Short text fragments from websites:
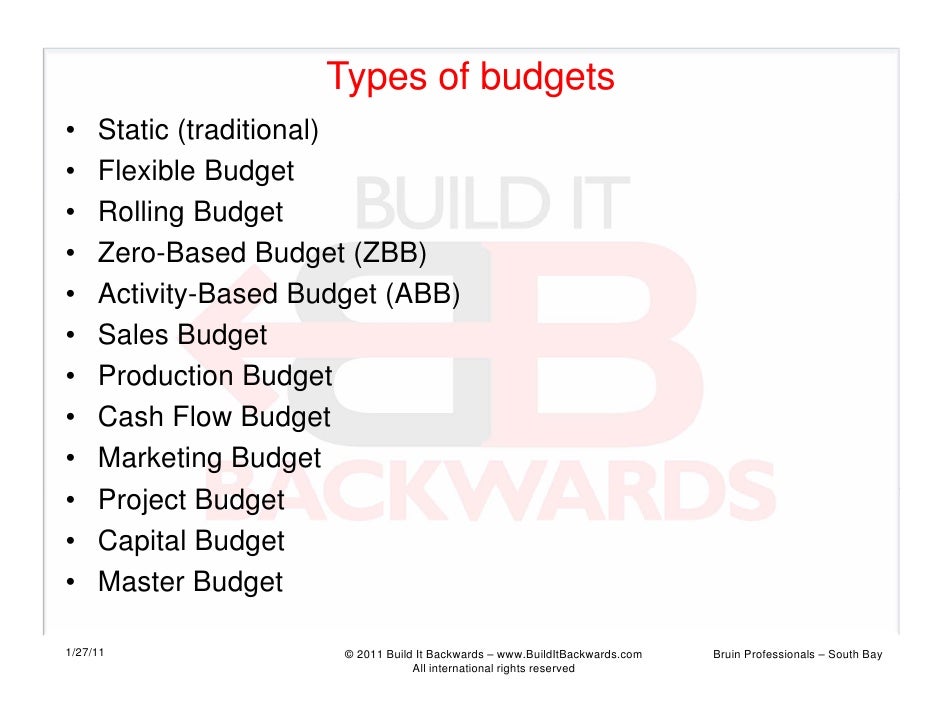 building a personal or corporate budget model that works v2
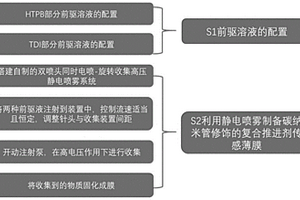 碳納米管修飾的復(fù)合推進(jìn)劑傳感薄膜及其制備方法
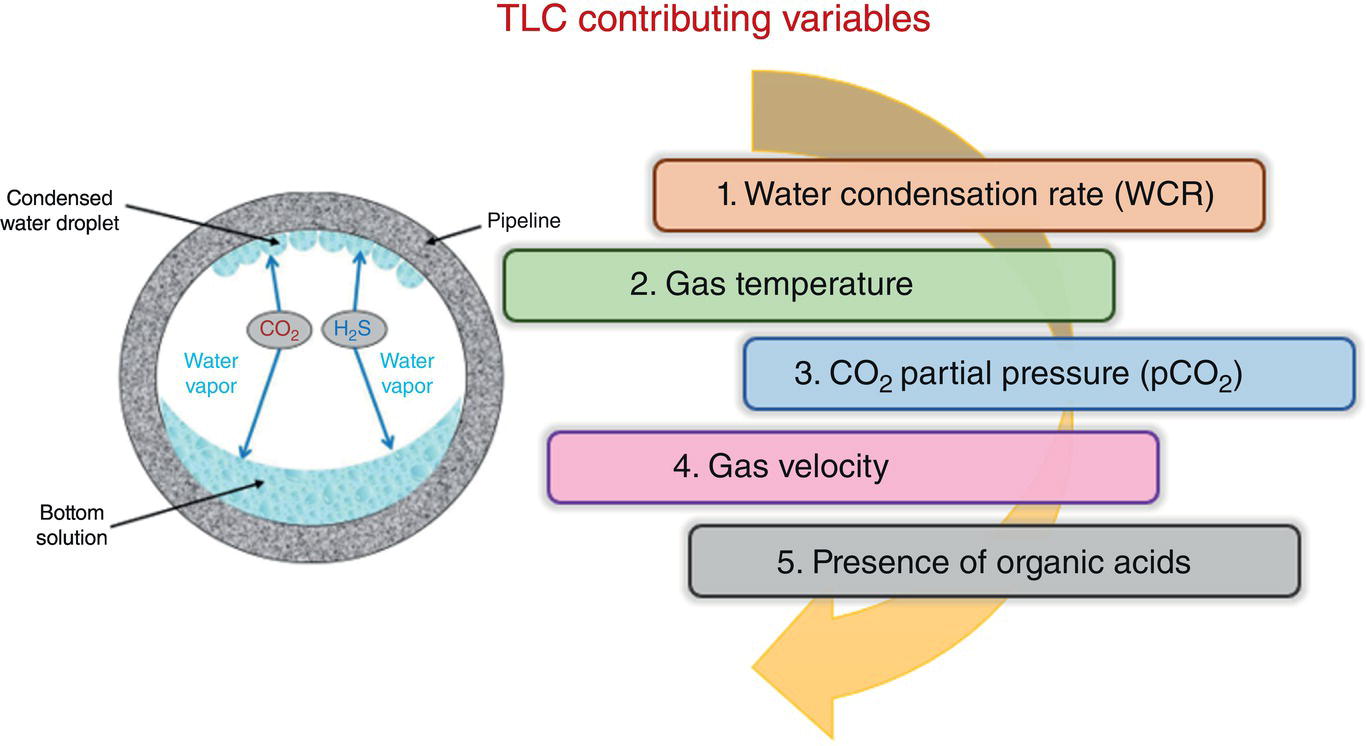 An image illustrates top line corrosion contributing variables in pipeline systems. At left, a cross-section of a pipe displays condensed water droplets, water vapor, C O 2, H 2 S, and bottom solution. At right, five key variables are listed in Gray boxes. a. Water condensation rate, b. Gas temperature, c. C O 2 partial pressure, d. Gas velocity, and e. Presence of organic acids. These elements are arranged within a circular flow diagram with light Gray arrows connecting the components.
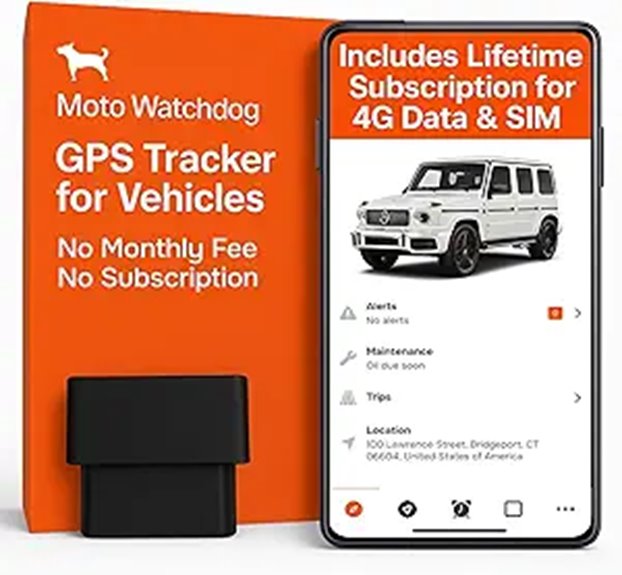 GPS Tracker for Vehicles with Real-Time Location Geofence OBD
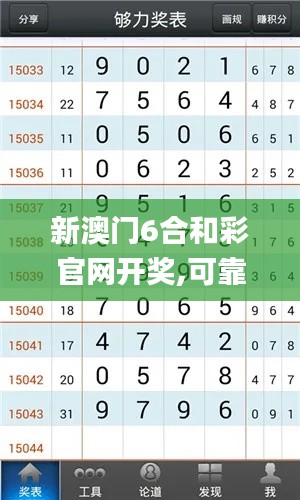 新澳门6合和彩官网开奖,可靠执行操作方式_SVO15.4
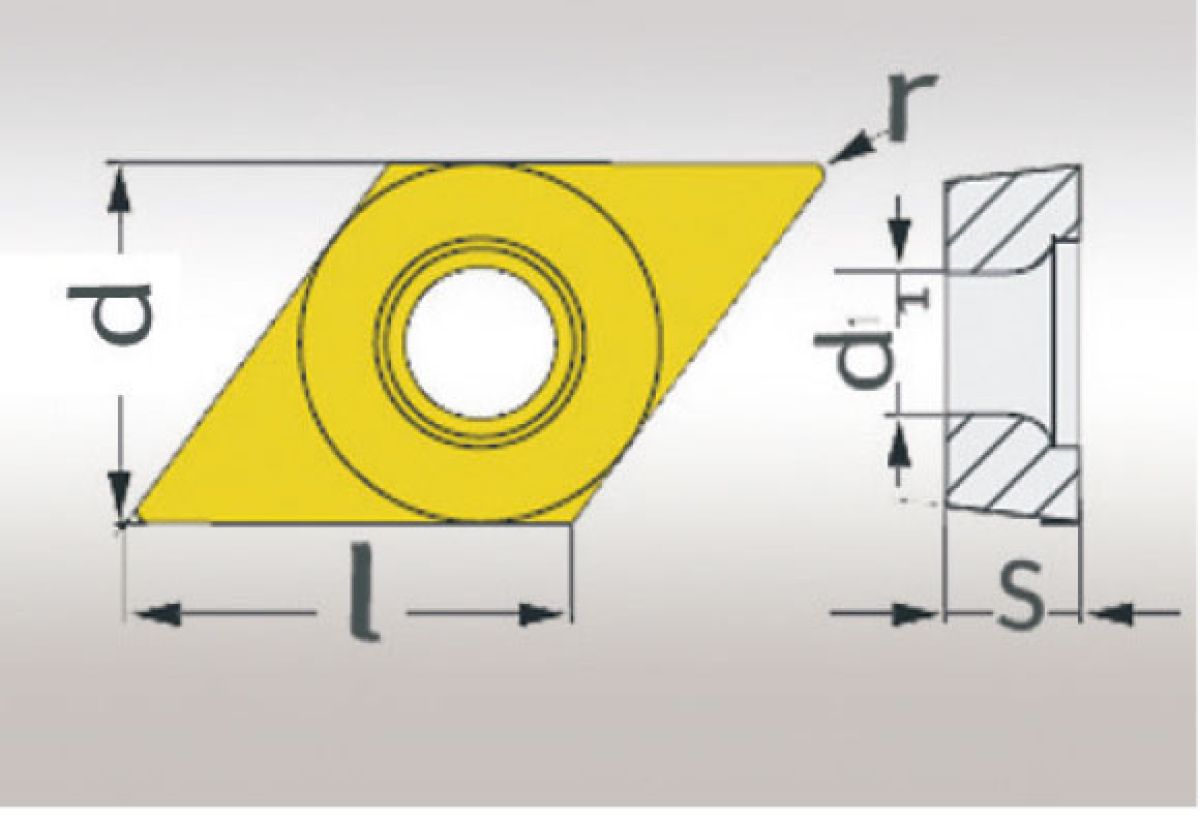 Optimum HM-Ersatzwendeplatten  ISO DCMT070204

▶ **Goal of the exercise**
Above are the records; copy every one of them exactly and omit the images.

▶ **Result of this exercise**
 building a personal or corporate budget model that works v2
 碳納米管修飾的復(fù)合推進(jìn)劑傳感薄膜及其制備方法
 An image illustrates top line corrosion contributing variables in pipeline systems. At left, a cross-section of a pipe displays condensed water droplets, water vapor, C O 2, H 2 S, and bottom solution. At right, five key variables are listed in Gray boxes. a. Water condensation rate, b. Gas temperature, c. C O 2 partial pressure, d. Gas velocity, and e. Presence of organic acids. These elements are arranged within a circular flow diagram with light Gray arrows connecting the components.
 GPS Tracker for Vehicles with Real-Time Location Geofence OBD
 新澳门6合和彩官网开奖,可靠执行操作方式_SVO15.4
 Optimum HM-Ersatzwendeplatten  ISO DCMT070204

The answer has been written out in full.